Deploy on Google Cloud Platform¶
You can run Roboflow Inference on machines hosted on Google Cloud Platform (GCP).
This is ideal if you want to benefit from all of the features Inference has to offer but also want to manage your own cloud infrastructure.
Set up a Google Cloud Compute VM¶
To get started, you will need a cloud compute instance running on GCP.
For deploying instances, we recommend SkyPilot, a tool designed to help you set up cloud instances for AI projects.
To get started, run the following command on your own machine:
pip install inference "skypilot[gcp]"
Follow the SkyPilot GCP documentation to authenticate with AWS
Then, run:
inference cloud deploy --provider gcp --compute-type gpu
This will provision a GPU-capable instance in GCP.

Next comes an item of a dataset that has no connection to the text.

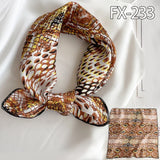 2021 Square Silk Scarf Women Fashion Print Small Neck Scarfs Office Lady Hair Band Foulard Hand Kerchief Female Bandana Shawl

The latest version of Roboflow Inference will be automatically installed on the machine.
When the command has run, you should see a message like:
Deployed Roboflow Inference to gcp on gpu, deployment name is ...
To get a list of your deployments: inference status
To delete your deployment: inference undeploy ...
To ssh into the deployed server: ssh ...
The Roboflow Inference Server is running at http://34.66.116.66:9001
You can then use the API endpoint for your server for use in running models.
You can run any model that Inference supports, including object detection, segmentation, classification, and keypoint models that you have available on Roboflow, and foundation models like CLIP, PaliGemma, SAM-2, and more.
Next Steps¶
Once you've decided on a deployment method and have a server running, interfacing with it is easy.
Fill in your api_url
with the IP address of your VM and the port (9001
by default) your server is running on.